Monday, December 22, 2003
For all this nonsense about smart people and accepting failure, they sure seems to steal an awful lot of their winning ideas.
Microsoft are smarter when it comes to knocking out the competition. Considering the size and reach of the company they have a poor track record of REAL innovation.
Tuesday, December 23, 2003
Craig,
Bill Gates never developed any software.
There was nice movie about the early years of MS,
where even he cofessed "best software is stolen software".
Hairy Monkey
Tuesday, December 23, 2003
Was it <MOVIE>Pirates of Sillicon Valley</MOVIE>?
Sathyaish Chakravarthy
Tuesday, December 23, 2003
I liked "Pirates of Sillicon Valley". I've heard Anthony Michael Hall was dead-on as Bill Gates. (Hall was certainly unrecognizable as himself.)
Beware the power of my stinky feet!
Tuesday, December 23, 2003
Gates definitely did write code back in the seventies and possibly later, and the general consensus among those who had seen it was that it was pretty good.
Stephen Jones
Tuesday, December 23, 2003
Does it matter if Bill Gates can write code or not?

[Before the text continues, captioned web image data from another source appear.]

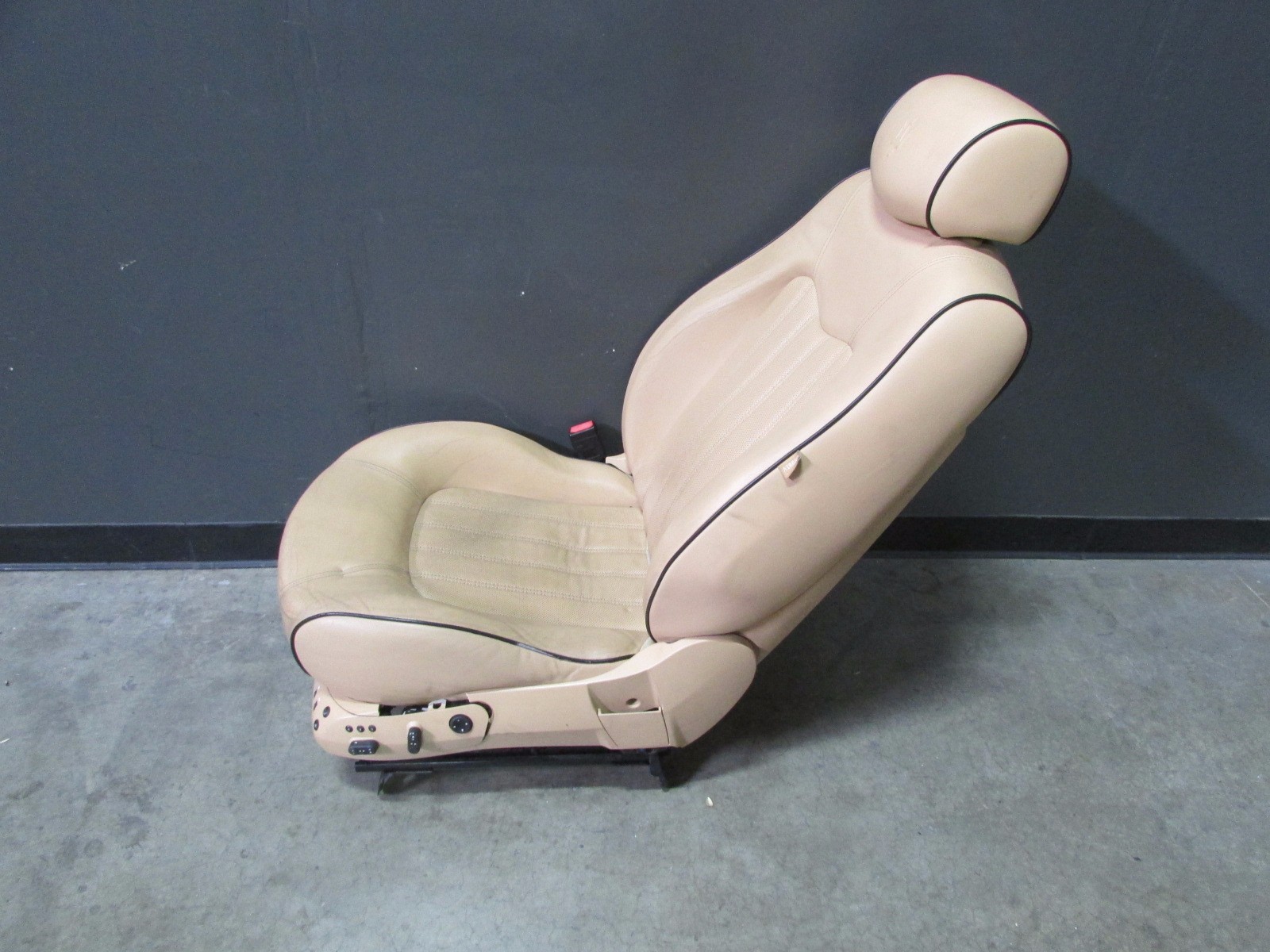 Maserati Quattroporte, LH, Left Front Seat, w/ Table, Beige, Used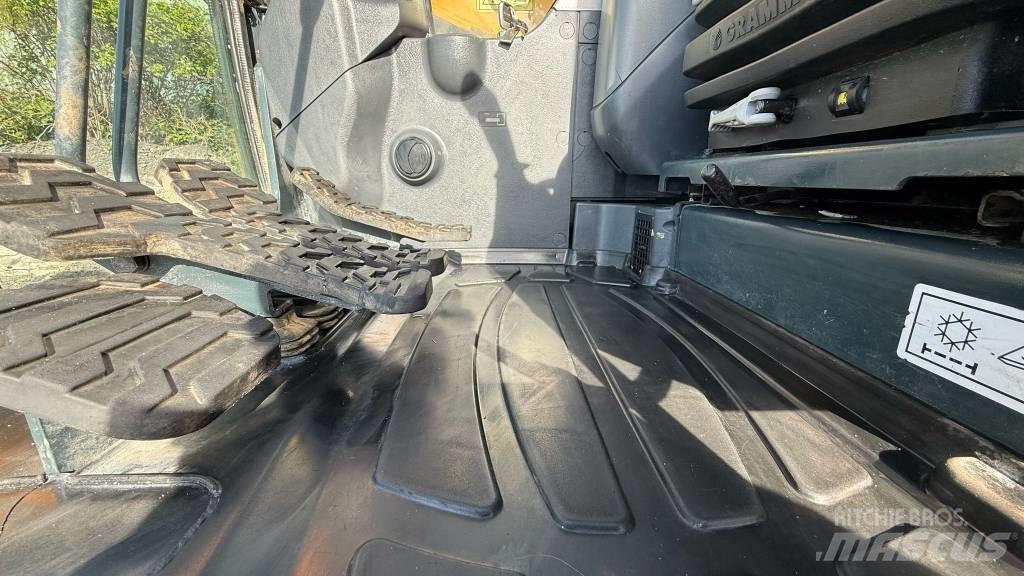 Hyundai HX 130 LCR Crawler excavators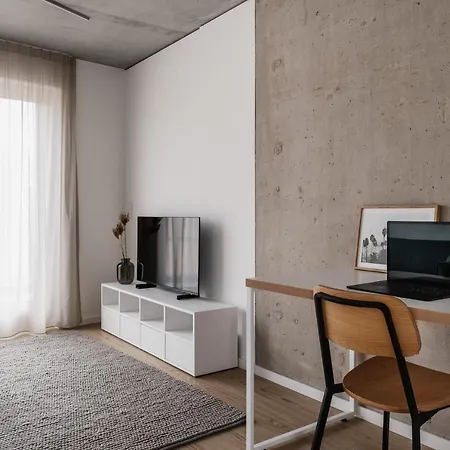 Cloud N°7 Aparthotel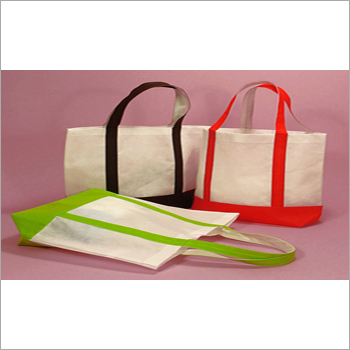 सिले हुए नॉन-वोवन कैरी बैग और थैलियाँ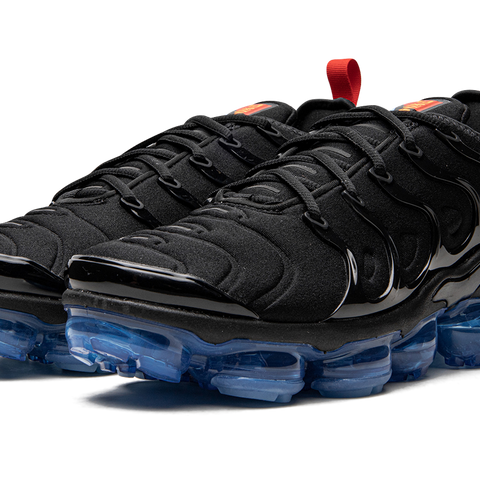 Nike air vapormax plus black and red store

Given the choice between being able to write neat code or being able to build one of the most successful companies in the world, I'd go for the latter.
Ged Byrne
Tuesday, December 23, 2003
IIRC, he wrote a boot loader for DOS on the plane to a client demo, which became production code. I'd definitely call that a "top 1%'er"
Philo
Philo
Tuesday, December 23, 2003
Okay, so he's Smart ... but does he Get Things Done?
Zahid
Tuesday, December 23, 2003
?
"IIRC he wrote a boot loader for DOS on the plane to a client demo"
That's not getting things done? How about if I ended it with
"...which resulted in a sale"?
- wrote production code
- which finished the application
- made a sale
Very, very, very few of us can claim all three of those in one day's work. ;-)
Philo
Philo
Tuesday, December 23, 2003
>> IIRC, he wrote a boot loader for DOS on the plane to a client demo, which became production code.
<<
Any links to this fact? There were no laptops back then, so he might've written it on the piece of paper. With almost no chance of testing, he put it to run at the client's demo and made it production code later. Sounds like an urban legend to me.
Floridian
Tuesday, December 23, 2003
Writing a boot sector isn't exactly rocket science and any competant programmer can do it. I'm sure Mr. Gates had studied the processor articheture and probably wrote and read similar code well before he wrote that code on the plane. Ever disassemble a boot sector? 512 bytes. On x86 you load X number of sectors from disk to memory at the address specified in the manual (7600? can't remember myself but easily looked up), then you jump to that address to begin execution...
Tuesday, December 23, 2003
Philo,
It wasn't for DOS it was for BASIC for the Altair. At that time, you didn't need a laptop to write code, it was hand written in assembly that was entered by toggle switches.
They (he and Paul Allen) realized they didn't have a loader when the were flying to ABQ to meet with Ed Roberts of MITS.